Information provided:
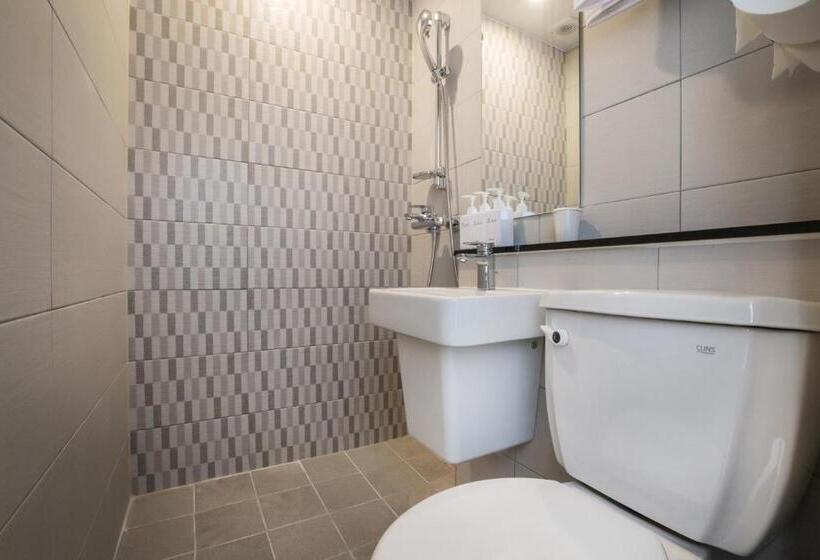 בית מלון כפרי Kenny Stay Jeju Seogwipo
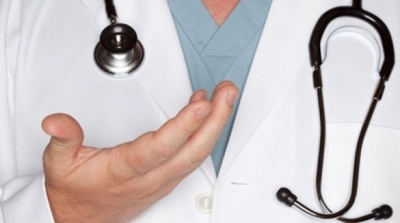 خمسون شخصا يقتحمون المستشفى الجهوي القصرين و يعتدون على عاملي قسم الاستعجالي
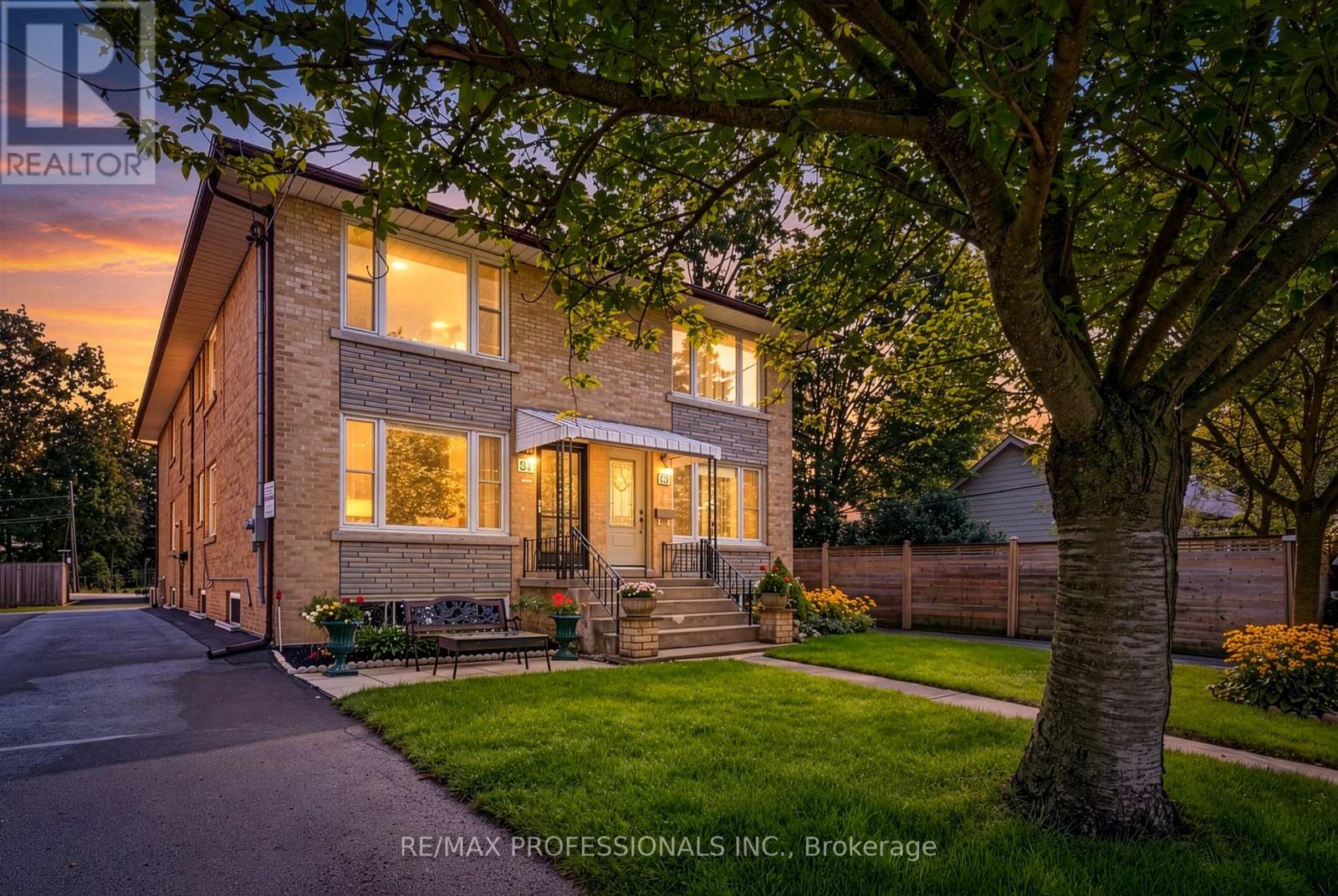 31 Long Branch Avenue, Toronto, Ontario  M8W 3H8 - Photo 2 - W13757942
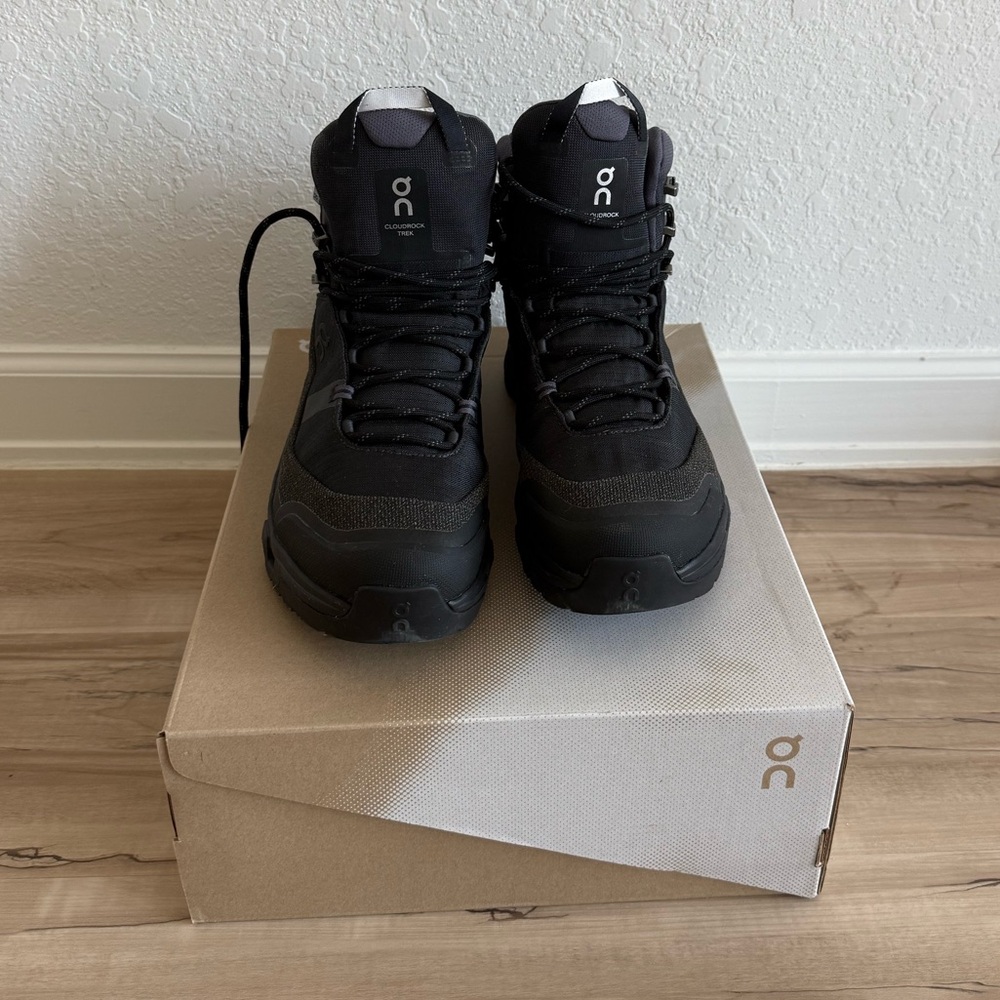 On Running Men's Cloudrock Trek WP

Exercise: From the line containing "خمسون شخصا يقتحمون" to the end of the data above, give those lines again verbatim, with both endpoints included and no images.

Reply:
 خمسون شخصا يقتحمون المستشفى الجهوي القصرين و يعتدون على عاملي قسم الاستعجالي
 31 Long Branch Avenue, Toronto, Ontario  M8W 3H8 - Photo 2 - W13757942
 On Running Men's Cloudrock Trek WP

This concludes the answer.